From the line containing "Şifreli maden ikonları" down to the line containing "Duality bracelet", copy out the entries below exactly, both lines included, and nothing else; pictures do not belong in the copy.

BEGIN RECORD SET

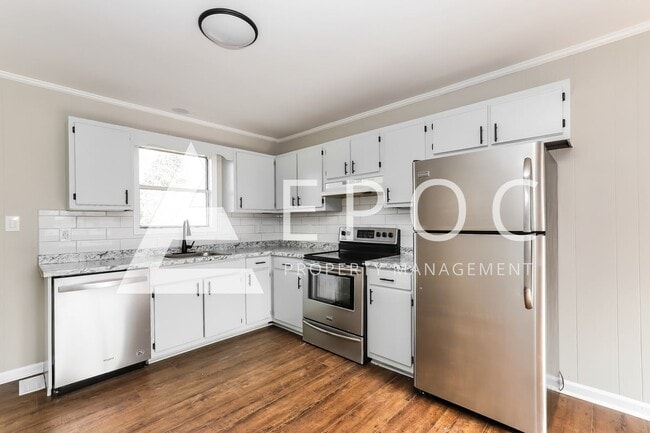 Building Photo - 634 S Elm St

END RECORD SET
BEGIN RECORD SET

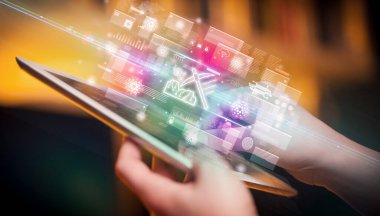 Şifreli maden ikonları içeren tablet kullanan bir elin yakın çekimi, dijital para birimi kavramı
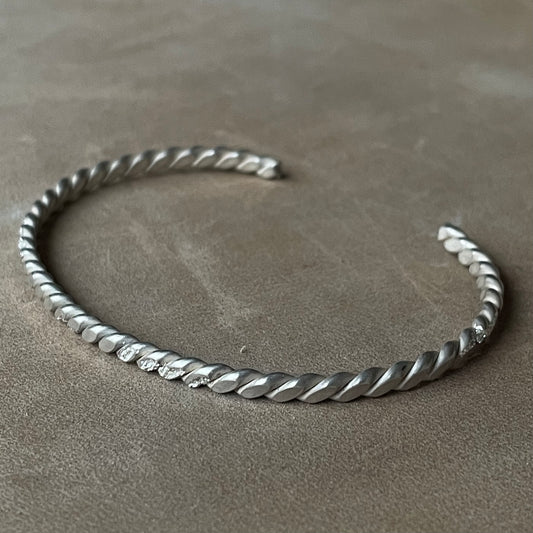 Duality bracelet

END RECORD SET
BEGIN RECORD SET

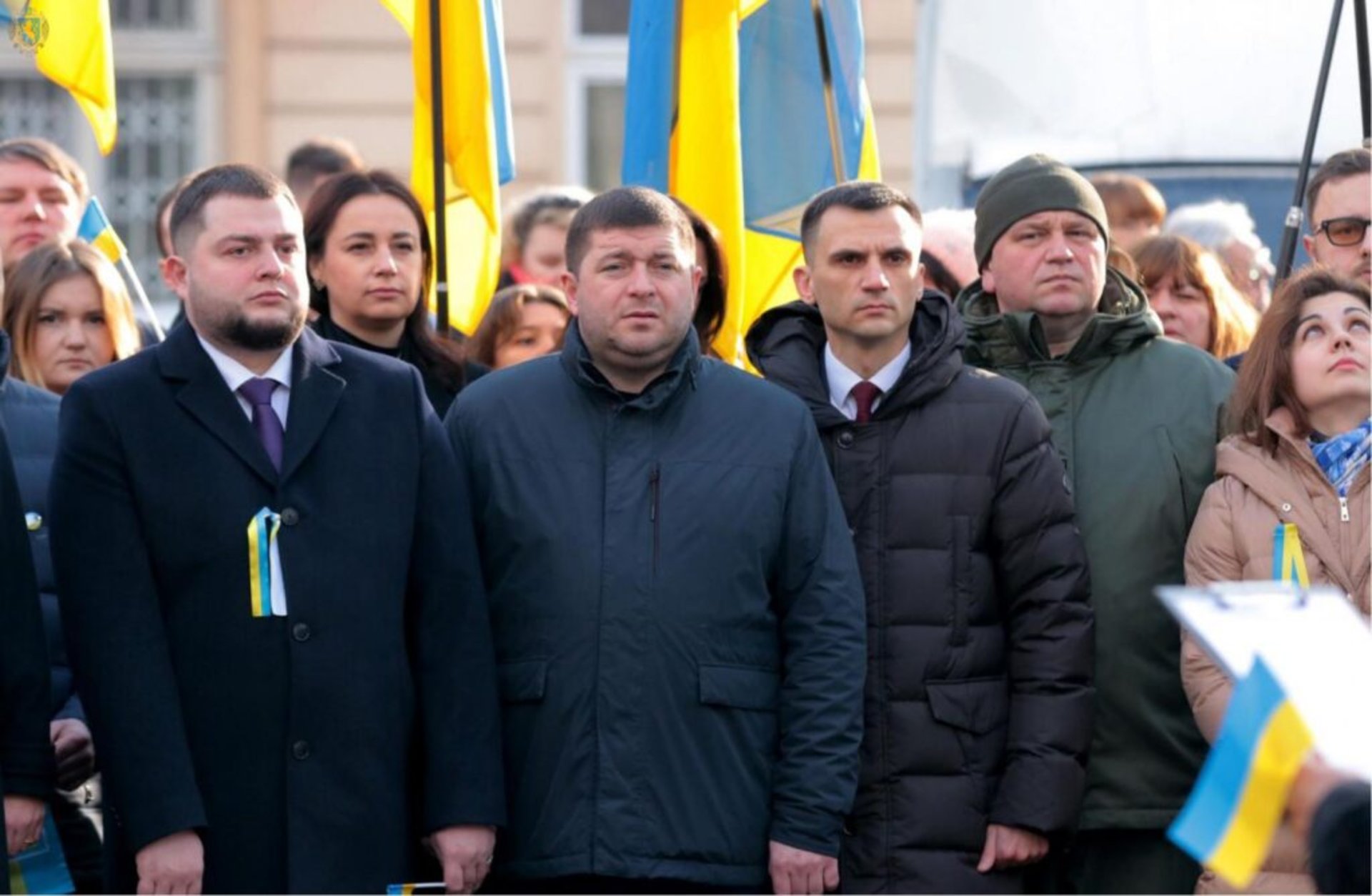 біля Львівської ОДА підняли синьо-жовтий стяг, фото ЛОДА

END RECORD SET

RESULT FOR THIS TASK:
 Şifreli maden ikonları içeren tablet kullanan bir elin yakın çekimi, dijital para birimi kavramı
 Duality bracelet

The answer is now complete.